Greece's new Prime Minister Alexis Tsipras had promised to achieve a write-down of at least half of Greece's €320 billion ($363.23 billion) debt, during his election campaign.

Tsipras also promised to put an end to the austerity measures imposed in exchange for the country's bailout by the so-called Troika, the International Monetary Fund, the European Central Bank and the European Commission.

German Vice Chancellor Gabriel said the new Greek government should focus on economic and administrative reforms, fight corruption and stick to the contractual agreements made between Athens and its European partners.

He underlined that the European countries so far provided €278 billion ($315.5 billion) for the Greek bailout program, and would like to continue showing solidarity with Athens based on the contractual agreements.

Gabriel dismissed speculation over a possible Greek exit from the Euro-zone.

“We have not made available 278 billion euros to have Greece exit from the euro.
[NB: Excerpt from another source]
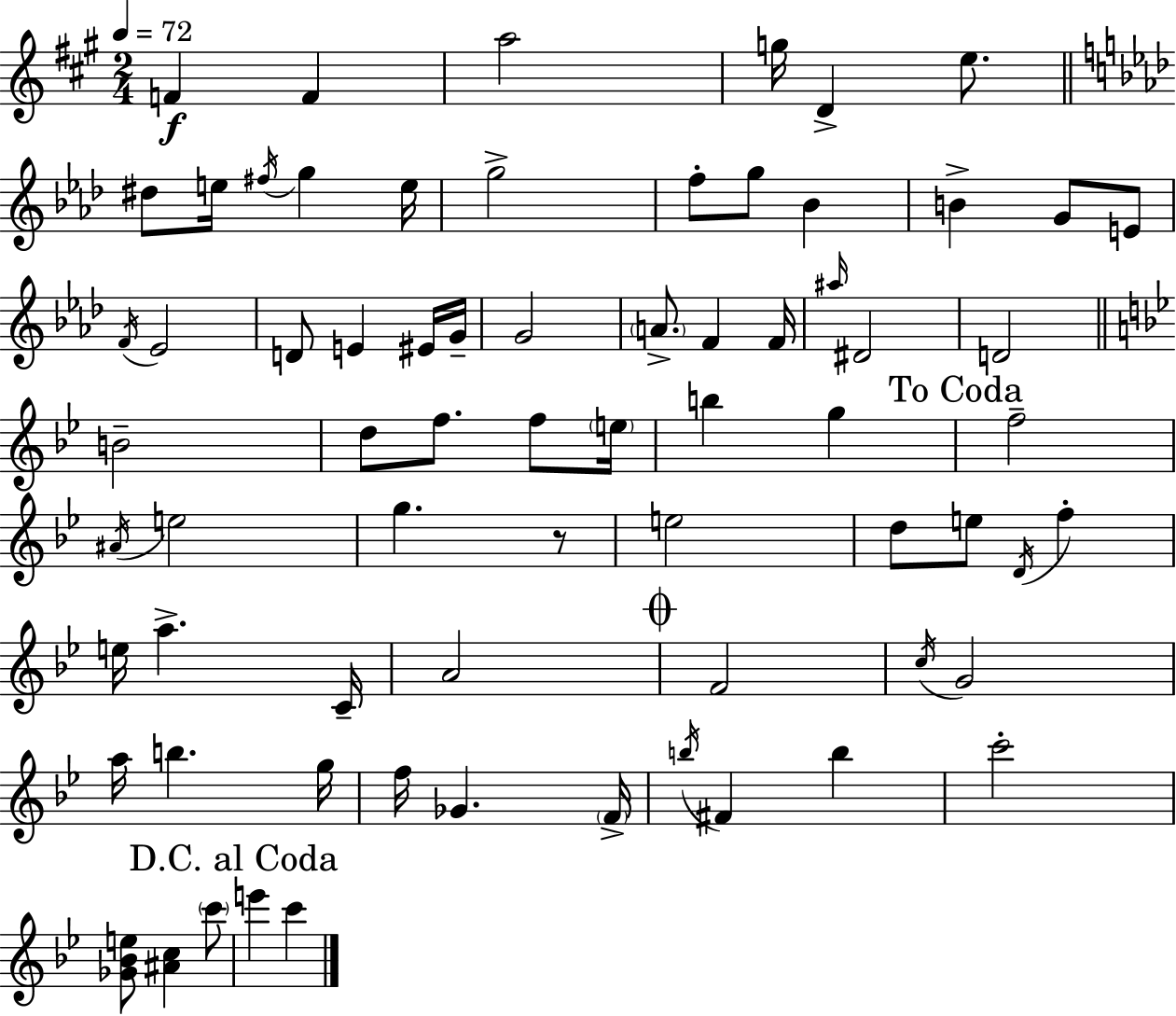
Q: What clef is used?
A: treble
We could have done it cheaper,” he said.

Gabriel underlined that it was economically, politically, and culturally important to continue have Greece within the Eurozone.

“Our political position is clear. We do not want Greece’s exit from the euro. But it is up to the Greek government to decide on that,” he said.

Greece’s radical-left SYRIZA leader Alexis Tsipras won 36.3 percent of the vote in the country's elections on Sunday, and formed an "anti-austerity" coalition with the right-wing Independent party. Both parties strongly opposed the austerity measures imposed by the Troika..

Greece fell into recession in the finanicial crisis of 2008.

The EU and the IMF provided €110 billion ($124.8 billion) in bailout loans to Greece to help the government pay its creditors in 2010. A second €130 billion ($147.5 billion) bailout was provided in 2012.

Most of Greece's private-sector creditors agreed then to restructure about three-quarters of the debts owed by Athens and to replace existing loans with new loans at a lower interest rate.

The years of austerity imposed by the bailout programs have soured sentiment against the previous coalition government of the New Democracy and Panhellenic Socialist Movement political parties. That government was obliged to cut wages and social services, increase taxes and lay off public sector workers.